2017: Das Gute weiter fördern – im Zeichen der Menschlichkeit

Die Bilanzen des Jahres 2016 sind geschrieben. Egomanen bestimmen mit zweifelhaften bis manipulativen Programmen die Nachrichtenschlagzeilen der Weltpresse, Egozentrik lockt Wähler auf dem Erdball bei der Stimmabgabe, Überraschungen sind inbegriffen. Postfaktisch ist nicht ohne Grund das Wort des Jahres gekürt. Nein, das Klima des Jahres 2016 war nicht nur zu warm. Es wirkt zunehmend gereizt. Das, was eben noch als sicher galt, wankt ganz plötzlich – wer lügt gewinnt. Ändert sich auch unser Gefühl für Sicherheit? Unsere Kultur? Unser Leben?
Der Terror zog in unser Leben, die Angst bestimmt zumindest in Bayern das Denken … „CSU will Gerettete zurück nach Afrika bringen“ … oder … „wo Wurst drauf steht, soll Fleisch drin sein – Begriffe wie vegetarisches Schnitzel oder vegane Currywurst seien komplett irreführend, so Bundesagrarminister Christian Schmidt (CSU).“ Populismus, Ausgrenzung, Diskriminierung. Warum? Vegane Umsatzzahlen steigen zweistellig! Droht die vegane Gefahr? Für einige Landwirte sicherlich!
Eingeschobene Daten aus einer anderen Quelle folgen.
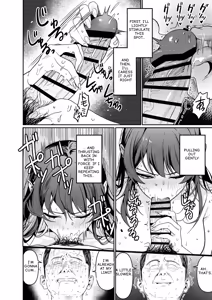 Page 25 of Hontou no Shinkon Seikatsu wa, Oji-san no Ie de Hajimattemasu | My real life as a newlywed has begun at the older man's house. - preview thumbnail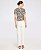 Blusa Lafort Gola Polo Jade Tricot - Imagem 2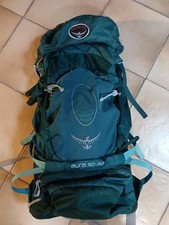 Osprey Aura AG 50 Trekking-Rucksack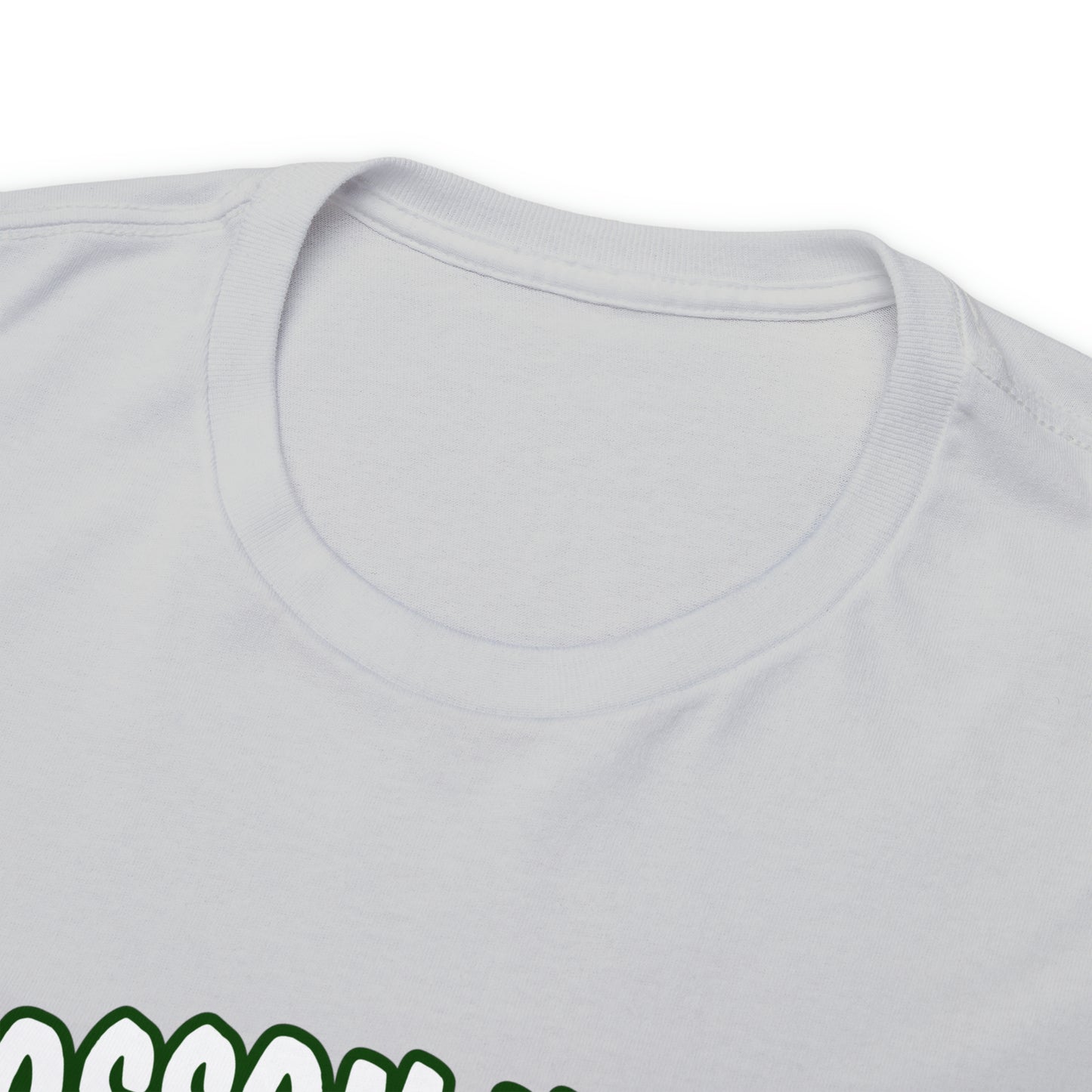 Old School Bobcats Adult Tee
Reicht uns nicht schon das, was wir in diesen Zeiten von der AFD zur Kenntnis nehmen müssen? Fußballspieler werden aufgrund ihrer Hautfarbe diskriminiert, Verurteilungen werden öffentlich ohne Beweis in den Medien platziert und die Sache mit der Schuldzuweisung, die Kanzlerin ist natürlich Schuld, muss nun wirklich nicht mehr kommentiert werden.
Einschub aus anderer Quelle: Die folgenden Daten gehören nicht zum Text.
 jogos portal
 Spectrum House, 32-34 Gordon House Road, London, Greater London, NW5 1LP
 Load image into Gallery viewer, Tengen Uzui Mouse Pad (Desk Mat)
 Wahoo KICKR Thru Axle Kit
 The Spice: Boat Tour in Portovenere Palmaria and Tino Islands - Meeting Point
Ist unsere Welt nicht mehr die gleiche? Folgten und folgen wir nicht ganz anderen Bedürfnissen? Hat der Gedanke des guten Willens bei uns, so, wie die kritische Presse in der Türkei, ausgedient? Ehrenamt und Engagement – nein danke? Nein, dem ist nicht so!
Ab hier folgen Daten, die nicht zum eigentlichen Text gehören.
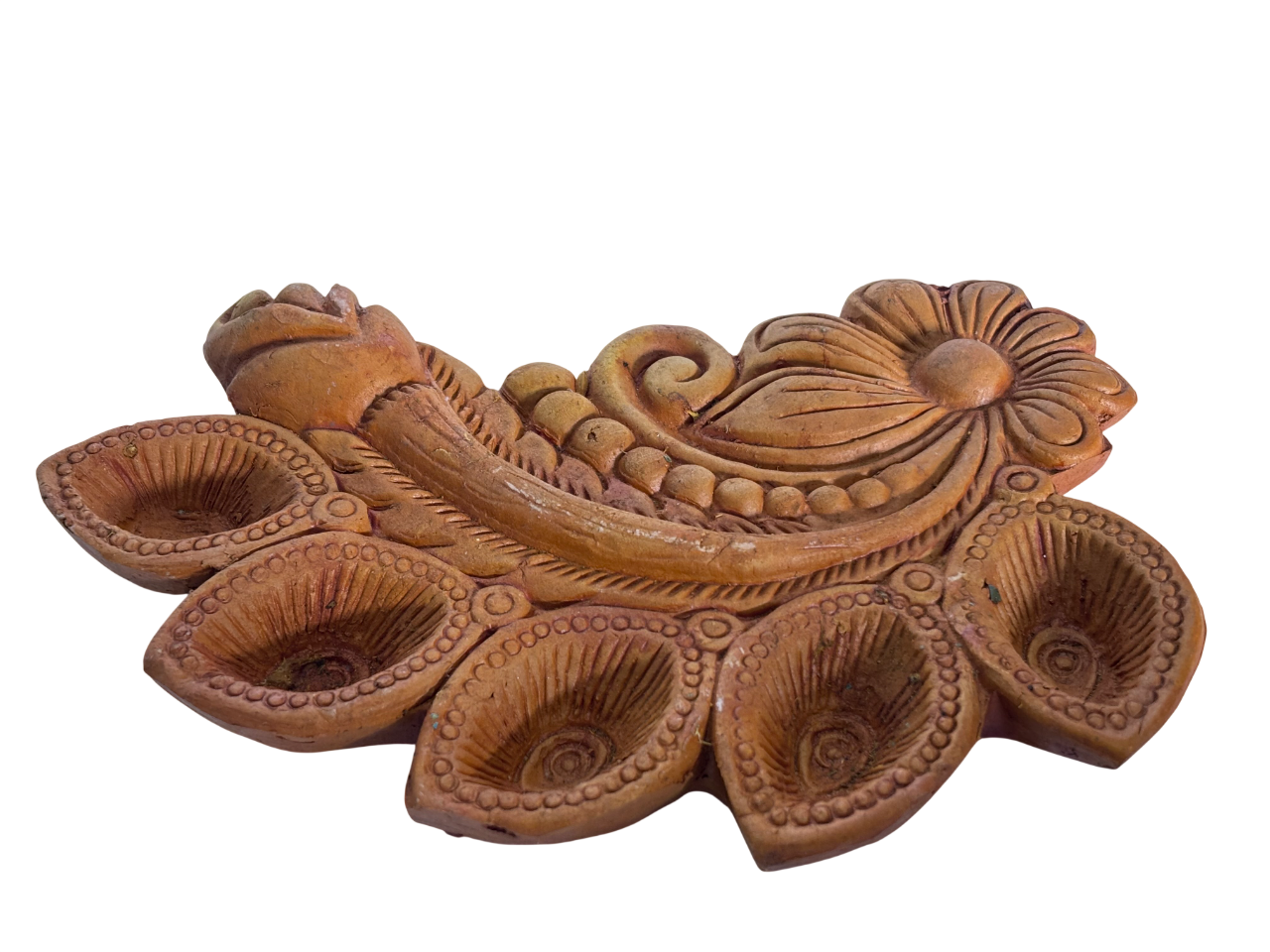 Diya Collection: Artisan Diyas for Diwali and Puja 🪔✨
Sind es nicht, trotz aller Sorgen, unsere gemeinsamen Ziele, die uns täglich antreiben? Der Trainer im Sportverein, der Elternsprecher, der in seiner Freizeit gegen Unterrichtsausfall kämpft, die Lehrkraft, die in ihrer Freizeit Asylbewerbern unterrichtet, die Nachbarin, die der Dame von Nebenan die Lebensmittel während einer Krankheit besorgt, all diese und unzählige Menschen mehr haben eines gemeinsam: Der Gedanke an das Gute treibt sie an! Es geht nicht darum, das Ego – den Trump, Erdogan oder Putin in den Mittelpunkt zu stellen. aus unserem Herzen heraus zu handeln, authentisch sein, nicht sich, sondern die Sache an sich in den Mittelpunkt stellen, damit die Zukunft unserer Kinder auch durch uns ein kleines Stück besser wird! Lassen sie uns weiterhin das Positive im Quartier, im Stadtteil, in unserer Stadt erkennen und helfen sie mit, Bremen auch durch ihre Mithilfe 2017 ein wenig zum Guten zu verändern! Übrigens: ehrenamtlich tätige Menschen leben im Durchschnitt 7 Jahre länger, Zitat Dr. Eckart von Hirschhausen.